Each record below is to be reproduced without any change.

Top of Available records

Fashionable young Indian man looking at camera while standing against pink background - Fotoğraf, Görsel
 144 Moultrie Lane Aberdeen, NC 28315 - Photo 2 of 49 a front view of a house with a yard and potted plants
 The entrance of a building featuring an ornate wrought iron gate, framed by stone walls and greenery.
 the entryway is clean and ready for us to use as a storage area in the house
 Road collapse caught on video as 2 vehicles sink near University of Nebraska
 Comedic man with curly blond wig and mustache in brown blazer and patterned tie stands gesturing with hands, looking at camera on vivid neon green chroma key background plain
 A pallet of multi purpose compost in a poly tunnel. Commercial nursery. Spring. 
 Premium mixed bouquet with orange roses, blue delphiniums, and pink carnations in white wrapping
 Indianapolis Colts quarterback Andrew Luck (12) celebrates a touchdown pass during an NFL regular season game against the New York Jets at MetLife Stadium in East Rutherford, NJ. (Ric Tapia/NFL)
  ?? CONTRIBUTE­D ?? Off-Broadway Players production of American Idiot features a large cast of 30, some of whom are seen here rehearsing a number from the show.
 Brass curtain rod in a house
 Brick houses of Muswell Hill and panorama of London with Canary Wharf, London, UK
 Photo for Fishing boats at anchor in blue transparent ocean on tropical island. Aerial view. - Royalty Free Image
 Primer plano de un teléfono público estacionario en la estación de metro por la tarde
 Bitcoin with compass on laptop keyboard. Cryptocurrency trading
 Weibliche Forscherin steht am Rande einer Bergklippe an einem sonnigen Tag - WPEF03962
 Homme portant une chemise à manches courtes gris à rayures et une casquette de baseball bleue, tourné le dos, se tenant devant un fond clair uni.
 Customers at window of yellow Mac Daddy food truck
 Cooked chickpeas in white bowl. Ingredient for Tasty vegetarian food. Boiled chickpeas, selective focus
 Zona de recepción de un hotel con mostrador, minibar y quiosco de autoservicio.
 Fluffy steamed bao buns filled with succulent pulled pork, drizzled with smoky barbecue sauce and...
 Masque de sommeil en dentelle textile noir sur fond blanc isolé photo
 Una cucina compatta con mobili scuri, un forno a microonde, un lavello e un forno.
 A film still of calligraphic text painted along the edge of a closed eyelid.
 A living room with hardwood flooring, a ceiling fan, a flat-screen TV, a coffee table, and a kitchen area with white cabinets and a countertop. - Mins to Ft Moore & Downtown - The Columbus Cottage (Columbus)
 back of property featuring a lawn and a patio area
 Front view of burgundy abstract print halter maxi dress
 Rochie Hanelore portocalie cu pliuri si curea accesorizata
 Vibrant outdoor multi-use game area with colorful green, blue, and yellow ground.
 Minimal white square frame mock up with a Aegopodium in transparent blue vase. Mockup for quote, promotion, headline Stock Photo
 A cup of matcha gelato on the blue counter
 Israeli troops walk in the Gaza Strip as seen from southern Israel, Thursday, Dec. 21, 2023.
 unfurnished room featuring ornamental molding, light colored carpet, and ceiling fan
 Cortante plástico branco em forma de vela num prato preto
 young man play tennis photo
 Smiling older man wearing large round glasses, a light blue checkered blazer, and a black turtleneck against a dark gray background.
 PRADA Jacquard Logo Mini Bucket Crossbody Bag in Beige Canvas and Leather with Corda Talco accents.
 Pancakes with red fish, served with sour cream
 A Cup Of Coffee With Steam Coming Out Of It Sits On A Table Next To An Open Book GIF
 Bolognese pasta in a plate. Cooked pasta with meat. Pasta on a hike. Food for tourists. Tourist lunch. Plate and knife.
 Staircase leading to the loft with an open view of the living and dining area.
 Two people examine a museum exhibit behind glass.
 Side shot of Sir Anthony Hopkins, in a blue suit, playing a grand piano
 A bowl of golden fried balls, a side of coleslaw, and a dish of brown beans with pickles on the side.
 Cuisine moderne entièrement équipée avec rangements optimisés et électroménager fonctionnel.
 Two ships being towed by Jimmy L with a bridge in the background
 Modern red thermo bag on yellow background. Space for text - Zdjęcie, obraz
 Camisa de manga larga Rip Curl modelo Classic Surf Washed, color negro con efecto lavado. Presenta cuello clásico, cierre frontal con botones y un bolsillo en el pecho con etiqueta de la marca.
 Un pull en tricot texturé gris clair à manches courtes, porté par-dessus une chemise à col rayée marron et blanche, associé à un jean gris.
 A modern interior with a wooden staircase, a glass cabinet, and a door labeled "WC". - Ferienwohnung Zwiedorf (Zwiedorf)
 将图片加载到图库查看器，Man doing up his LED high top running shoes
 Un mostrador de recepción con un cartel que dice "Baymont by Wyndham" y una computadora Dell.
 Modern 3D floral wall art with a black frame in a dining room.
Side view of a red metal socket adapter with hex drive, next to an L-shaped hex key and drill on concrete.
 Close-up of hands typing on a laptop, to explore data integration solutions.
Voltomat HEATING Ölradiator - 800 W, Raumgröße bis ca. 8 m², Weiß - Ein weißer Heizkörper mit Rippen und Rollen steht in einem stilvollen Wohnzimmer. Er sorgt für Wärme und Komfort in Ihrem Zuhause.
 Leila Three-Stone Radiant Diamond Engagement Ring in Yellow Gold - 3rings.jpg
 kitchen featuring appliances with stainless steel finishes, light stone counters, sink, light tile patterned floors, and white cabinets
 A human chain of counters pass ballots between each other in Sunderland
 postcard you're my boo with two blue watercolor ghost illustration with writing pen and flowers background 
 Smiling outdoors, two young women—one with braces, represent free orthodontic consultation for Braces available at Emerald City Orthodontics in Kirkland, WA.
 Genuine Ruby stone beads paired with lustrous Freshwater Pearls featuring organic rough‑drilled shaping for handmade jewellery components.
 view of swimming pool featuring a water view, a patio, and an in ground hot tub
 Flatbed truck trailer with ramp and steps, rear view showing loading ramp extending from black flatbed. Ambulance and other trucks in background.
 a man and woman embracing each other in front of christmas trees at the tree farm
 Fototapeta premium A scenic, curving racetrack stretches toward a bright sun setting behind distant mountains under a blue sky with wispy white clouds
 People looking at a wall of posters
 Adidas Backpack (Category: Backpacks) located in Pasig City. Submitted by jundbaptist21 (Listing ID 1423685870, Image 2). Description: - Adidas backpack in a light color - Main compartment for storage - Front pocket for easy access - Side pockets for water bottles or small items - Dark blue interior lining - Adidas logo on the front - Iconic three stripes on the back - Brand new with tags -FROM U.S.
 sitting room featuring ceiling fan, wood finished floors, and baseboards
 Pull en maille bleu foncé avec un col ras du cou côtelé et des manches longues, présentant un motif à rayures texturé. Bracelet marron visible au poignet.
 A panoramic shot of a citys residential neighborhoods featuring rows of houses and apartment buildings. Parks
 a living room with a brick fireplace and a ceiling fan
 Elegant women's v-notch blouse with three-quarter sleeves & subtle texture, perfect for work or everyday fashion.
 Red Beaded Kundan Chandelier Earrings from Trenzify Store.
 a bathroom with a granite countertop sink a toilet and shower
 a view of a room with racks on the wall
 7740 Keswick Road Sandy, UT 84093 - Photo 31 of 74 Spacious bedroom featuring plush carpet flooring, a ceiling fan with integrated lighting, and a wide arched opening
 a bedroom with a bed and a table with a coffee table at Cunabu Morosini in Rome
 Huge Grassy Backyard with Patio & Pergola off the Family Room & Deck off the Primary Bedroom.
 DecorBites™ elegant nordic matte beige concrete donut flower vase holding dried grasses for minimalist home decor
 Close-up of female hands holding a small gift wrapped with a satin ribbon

Bottom of Available records

- [Result]:
Fashionable young Indian man looking at camera while standing against pink background - Fotoğraf, Görsel
 144 Moultrie Lane Aberdeen, NC 28315 - Photo 2 of 49 a front view of a house with a yard and potted plants
 The entrance of a building featuring an ornate wrought iron gate, framed by stone walls and greenery.
 the entryway is clean and ready for us to use as a storage area in the house
 Road collapse caught on video as 2 vehicles sink near University of Nebraska
 Comedic man with curly blond wig and mustache in brown blazer and patterned tie stands gesturing with hands, looking at camera on vivid neon green chroma key background plain
 A pallet of multi purpose compost in a poly tunnel. Commercial nursery. Spring. 
 Premium mixed bouquet with orange roses, blue delphiniums, and pink carnations in white wrapping
 Indianapolis Colts quarterback Andrew Luck (12) celebrates a touchdown pass during an NFL regular season game against the New York Jets at MetLife Stadium in East Rutherford, NJ. (Ric Tapia/NFL)
  ?? CONTRIBUTE­D ?? Off-Broadway Players production of American Idiot features a large cast of 30, some of whom are seen here rehearsing a number from the show.
 Brass curtain rod in a house
 Brick houses of Muswell Hill and panorama of London with Canary Wharf, London, UK
 Photo for Fishing boats at anchor in blue transparent ocean on tropical island. Aerial view. - Royalty Free Image
 Primer plano de un teléfono público estacionario en la estación de metro por la tarde
 Bitcoin with compass on laptop keyboard. Cryptocurrency trading
 Weibliche Forscherin steht am Rande einer Bergklippe an einem sonnigen Tag - WPEF03962
 Homme portant une chemise à manches courtes gris à rayures et une casquette de baseball bleue, tourné le dos, se tenant devant un fond clair uni.
 Customers at window of yellow Mac Daddy food truck
 Cooked chickpeas in white bowl. Ingredient for Tasty vegetarian food. Boiled chickpeas, selective focus
 Zona de recepción de un hotel con mostrador, minibar y quiosco de autoservicio.
 Fluffy steamed bao buns filled with succulent pulled pork, drizzled with smoky barbecue sauce and...
 Masque de sommeil en dentelle textile noir sur fond blanc isolé photo
 Una cucina compatta con mobili scuri, un forno a microonde, un lavello e un forno.
 A film still of calligraphic text painted along the edge of a closed eyelid.
 A living room with hardwood flooring, a ceiling fan, a flat-screen TV, a coffee table, and a kitchen area with white cabinets and a countertop. - Mins to Ft Moore & Downtown - The Columbus Cottage (Columbus)
 back of property featuring a lawn and a patio area
 Front view of burgundy abstract print halter maxi dress
 Rochie Hanelore portocalie cu pliuri si curea accesorizata
 Vibrant outdoor multi-use game area with colorful green, blue, and yellow ground.
 Minimal white square frame mock up with a Aegopodium in transparent blue vase. Mockup for quote, promotion, headline Stock Photo
 A cup of matcha gelato on the blue counter
 Israeli troops walk in the Gaza Strip as seen from southern Israel, Thursday, Dec. 21, 2023.
 unfurnished room featuring ornamental molding, light colored carpet, and ceiling fan
 Cortante plástico branco em forma de vela num prato preto
 young man play tennis photo
 Smiling older man wearing large round glasses, a light blue checkered blazer, and a black turtleneck against a dark gray background.
 PRADA Jacquard Logo Mini Bucket Crossbody Bag in Beige Canvas and Leather with Corda Talco accents.
 Pancakes with red fish, served with sour cream
 A Cup Of Coffee With Steam Coming Out Of It Sits On A Table Next To An Open Book GIF
 Bolognese pasta in a plate. Cooked pasta with meat. Pasta on a hike. Food for tourists. Tourist lunch. Plate and knife.
 Staircase leading to the loft with an open view of the living and dining area.
 Two people examine a museum exhibit behind glass.
 Side shot of Sir Anthony Hopkins, in a blue suit, playing a grand piano
 A bowl of golden fried balls, a side of coleslaw, and a dish of brown beans with pickles on the side.
 Cuisine moderne entièrement équipée avec rangements optimisés et électroménager fonctionnel.
 Two ships being towed by Jimmy L with a bridge in the background
 Modern red thermo bag on yellow background. Space for text - Zdjęcie, obraz
 Camisa de manga larga Rip Curl modelo Classic Surf Washed, color negro con efecto lavado. Presenta cuello clásico, cierre frontal con botones y un bolsillo en el pecho con etiqueta de la marca.
 Un pull en tricot texturé gris clair à manches courtes, porté par-dessus une chemise à col rayée marron et blanche, associé à un jean gris.
 A modern interior with a wooden staircase, a glass cabinet, and a door labeled "WC". - Ferienwohnung Zwiedorf (Zwiedorf)
 将图片加载到图库查看器，Man doing up his LED high top running shoes
 Un mostrador de recepción con un cartel que dice "Baymont by Wyndham" y una computadora Dell.
 Modern 3D floral wall art with a black frame in a dining room.
Side view of a red metal socket adapter with hex drive, next to an L-shaped hex key and drill on concrete.
 Close-up of hands typing on a laptop, to explore data integration solutions.
Voltomat HEATING Ölradiator - 800 W, Raumgröße bis ca. 8 m², Weiß - Ein weißer Heizkörper mit Rippen und Rollen steht in einem stilvollen Wohnzimmer. Er sorgt für Wärme und Komfort in Ihrem Zuhause.
 Leila Three-Stone Radiant Diamond Engagement Ring in Yellow Gold - 3rings.jpg
 kitchen featuring appliances with stainless steel finishes, light stone counters, sink, light tile patterned floors, and white cabinets
 A human chain of counters pass ballots between each other in Sunderland
 postcard you're my boo with two blue watercolor ghost illustration with writing pen and flowers background 
 Smiling outdoors, two young women—one with braces, represent free orthodontic consultation for Braces available at Emerald City Orthodontics in Kirkland, WA.
 Genuine Ruby stone beads paired with lustrous Freshwater Pearls featuring organic rough‑drilled shaping for handmade jewellery components.
 view of swimming pool featuring a water view, a patio, and an in ground hot tub
 Flatbed truck trailer with ramp and steps, rear view showing loading ramp extending from black flatbed. Ambulance and other trucks in background.
 a man and woman embracing each other in front of christmas trees at the tree farm
 Fototapeta premium A scenic, curving racetrack stretches toward a bright sun setting behind distant mountains under a blue sky with wispy white clouds
 People looking at a wall of posters
 Adidas Backpack (Category: Backpacks) located in Pasig City. Submitted by jundbaptist21 (Listing ID 1423685870, Image 2). Description: - Adidas backpack in a light color - Main compartment for storage - Front pocket for easy access - Side pockets for water bottles or small items - Dark blue interior lining - Adidas logo on the front - Iconic three stripes on the back - Brand new with tags -FROM U.S.
 sitting room featuring ceiling fan, wood finished floors, and baseboards
 Pull en maille bleu foncé avec un col ras du cou côtelé et des manches longues, présentant un motif à rayures texturé. Bracelet marron visible au poignet.
 A panoramic shot of a citys residential neighborhoods featuring rows of houses and apartment buildings. Parks
 a living room with a brick fireplace and a ceiling fan
 Elegant women's v-notch blouse with three-quarter sleeves & subtle texture, perfect for work or everyday fashion.
 Red Beaded Kundan Chandelier Earrings from Trenzify Store.
 a bathroom with a granite countertop sink a toilet and shower
 a view of a room with racks on the wall
 7740 Keswick Road Sandy, UT 84093 - Photo 31 of 74 Spacious bedroom featuring plush carpet flooring, a ceiling fan with integrated lighting, and a wide arched opening
 a bedroom with a bed and a table with a coffee table at Cunabu Morosini in Rome
 Huge Grassy Backyard with Patio & Pergola off the Family Room & Deck off the Primary Bedroom.
 DecorBites™ elegant nordic matte beige concrete donut flower vase holding dried grasses for minimalist home decor
 Close-up of female hands holding a small gift wrapped with a satin ribbon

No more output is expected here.